Boeing Close to Deal with Chinese Airline for 30 Dreamliners

The 787-9 can carry up to 280 passengers for distances of almost 9,570 miles and analysts said Hainan Airlines will need the aircraft as it seeks to expand international routes.

SHANGHAI – China's Hainan Airlines said Thursday it is planning to buy 30 Dreamliner aircraft from U.S. giant Boeing (IW 500/13) -- worth almost $8 billion at list prices -- as it seeks to expand its long-haul service.

The 30 Boeing 787-9 Dreamliners are due to be delivered before 2021, Hainan Airlines said in a statement to the Shanghai stock exchange, where it is listed.

The order would be valued at $7.7 billion based on list prices given on Boeing's website, although airlines typically negotiate discounts.   

Boeing could not be immediately reached for comment. 

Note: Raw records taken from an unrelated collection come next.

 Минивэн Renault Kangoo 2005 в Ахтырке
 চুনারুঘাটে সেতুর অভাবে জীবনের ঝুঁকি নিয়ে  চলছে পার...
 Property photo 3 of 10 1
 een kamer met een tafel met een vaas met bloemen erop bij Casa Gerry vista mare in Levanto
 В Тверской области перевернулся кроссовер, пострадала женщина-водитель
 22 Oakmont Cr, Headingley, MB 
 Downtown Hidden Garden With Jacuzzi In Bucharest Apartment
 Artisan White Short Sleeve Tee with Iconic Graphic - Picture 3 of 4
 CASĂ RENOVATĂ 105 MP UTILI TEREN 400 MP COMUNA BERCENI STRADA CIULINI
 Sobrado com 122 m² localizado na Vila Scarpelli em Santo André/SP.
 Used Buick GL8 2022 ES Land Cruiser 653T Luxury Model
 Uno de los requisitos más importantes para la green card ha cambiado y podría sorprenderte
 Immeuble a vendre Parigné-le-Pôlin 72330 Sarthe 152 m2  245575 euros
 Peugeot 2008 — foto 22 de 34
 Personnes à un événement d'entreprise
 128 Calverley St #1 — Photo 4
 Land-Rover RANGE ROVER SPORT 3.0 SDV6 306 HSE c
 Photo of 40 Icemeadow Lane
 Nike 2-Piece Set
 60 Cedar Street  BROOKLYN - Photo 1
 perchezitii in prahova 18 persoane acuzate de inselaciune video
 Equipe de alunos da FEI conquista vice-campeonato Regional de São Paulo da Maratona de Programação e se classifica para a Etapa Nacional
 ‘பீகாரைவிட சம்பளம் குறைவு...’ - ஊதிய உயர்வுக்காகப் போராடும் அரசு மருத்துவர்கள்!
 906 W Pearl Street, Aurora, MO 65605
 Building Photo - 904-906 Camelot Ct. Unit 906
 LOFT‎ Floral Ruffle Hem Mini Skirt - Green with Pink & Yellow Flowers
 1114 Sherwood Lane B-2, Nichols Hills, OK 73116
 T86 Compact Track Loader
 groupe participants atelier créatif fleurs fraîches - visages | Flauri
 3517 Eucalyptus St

The 787-9 can carry up to 280 passengers for distances of almost 9,570 miles and analysts said Hainan Airlines will need the aircraft as it seeks to expand international routes.

"They will need this for their long-haul flights," Li Xiaolu, a Shanghai-based analyst with Capital Securities, told Bloomberg News. "Because the deliveries are stretched over the next 10 years or so, this order isn’t as aggressive as it looks."

Hainan currently has 500 domestic and international routes reaching almost 90 destinations, including Paris, Brussels, Berlin and Moscow, according to its website.

It now plans to start services to Tel Aviv from Beijing, and to the U.S. cities of Boston and Seattle from Shanghai, according to Bloomberg News. 

The airline's net profit rose 20.04% year-on-year to 2.59 billion yuan in 2014, according to a separate statement on Thursday.

Hainan Airlines was down 3.74% in afternoon trading Thursday.

On Saturday, Hainan Airlines completed China's first commercial flight using biofuel with a Boeing 737 plane.

China is a key market for Boeing, which estimates the country will need 6,020 planes worth $870 billion through 2033.